Die gemeinsame Projektarbeit ist dann offiziell beendet – aber der Funke sei ja jetzt schon übergesprungen. Zweifel an der Fortführung der Zusammenarbeit in den Tandems haben Sandra Riethmüller und Nadja Blust keine.
Die Fortbildung wird in diesem Jahr zum ersten Mal angeboten, ist aber bei entsprechender Resonanz als Wiederholungsveranstaltung geplant. Nächstes Jahr jedoch nicht, denn genügend deutsche Teilnehmende zu finden in Sachsen-Anhalt sei gar nicht so einfach gewesen: Für das erste Modul mussten die deutschen Lehrkräfte eine von nur sechs Sommerferienwochen investieren. Für die russischen Lehrkräfte, mit drei Monaten Sommerferien und der Aussicht auf eine Reise nach Deutschland, war die Teilnahme attraktiver. Die Auswahl erfolgte dort über einen Bewerbungswettbewerb, bei dem sich Interessent*innen in einem Video präsentieren mussten.

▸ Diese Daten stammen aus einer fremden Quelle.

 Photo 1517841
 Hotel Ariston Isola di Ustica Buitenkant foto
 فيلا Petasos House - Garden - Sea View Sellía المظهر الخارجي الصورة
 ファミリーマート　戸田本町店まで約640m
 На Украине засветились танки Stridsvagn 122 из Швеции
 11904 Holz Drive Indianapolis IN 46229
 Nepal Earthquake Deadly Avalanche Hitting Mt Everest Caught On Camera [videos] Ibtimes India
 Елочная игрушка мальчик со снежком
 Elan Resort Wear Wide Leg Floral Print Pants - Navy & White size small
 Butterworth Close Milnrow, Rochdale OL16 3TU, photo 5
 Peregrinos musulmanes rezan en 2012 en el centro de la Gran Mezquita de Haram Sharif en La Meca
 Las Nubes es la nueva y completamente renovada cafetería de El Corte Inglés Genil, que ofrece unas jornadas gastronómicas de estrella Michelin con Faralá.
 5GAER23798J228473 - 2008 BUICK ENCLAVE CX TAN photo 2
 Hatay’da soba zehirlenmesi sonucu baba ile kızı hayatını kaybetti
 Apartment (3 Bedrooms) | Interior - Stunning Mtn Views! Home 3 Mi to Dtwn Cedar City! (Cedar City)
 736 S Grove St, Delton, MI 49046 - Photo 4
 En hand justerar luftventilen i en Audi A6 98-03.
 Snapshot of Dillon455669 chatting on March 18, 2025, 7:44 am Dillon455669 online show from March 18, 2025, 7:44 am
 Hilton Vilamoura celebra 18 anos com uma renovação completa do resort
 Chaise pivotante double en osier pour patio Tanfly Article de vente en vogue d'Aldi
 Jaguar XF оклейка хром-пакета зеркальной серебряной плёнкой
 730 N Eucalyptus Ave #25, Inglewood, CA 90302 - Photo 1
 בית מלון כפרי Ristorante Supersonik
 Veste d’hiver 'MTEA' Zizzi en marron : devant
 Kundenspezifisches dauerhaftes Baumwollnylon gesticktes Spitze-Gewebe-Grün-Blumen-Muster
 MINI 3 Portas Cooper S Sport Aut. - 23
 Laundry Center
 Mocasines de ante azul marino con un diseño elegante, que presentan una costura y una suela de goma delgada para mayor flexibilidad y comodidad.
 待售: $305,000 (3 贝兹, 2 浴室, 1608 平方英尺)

Neben der schwierigen Teilnehmerakquise auf deutscher Seite ist es auch der Kostenfaktor, der gegen eine sofortige Wiederholung spricht. Die Finanzierung wird über das Landesinstitut für Schulentwicklung und Lehrerbildung (LISA) und – da die Kosten auf russischer Seite dadurch nicht gedeckt werden können – zusätzlich durch das Ministerium für Bildung (MB) in Sachsen-Anhalt realisiert.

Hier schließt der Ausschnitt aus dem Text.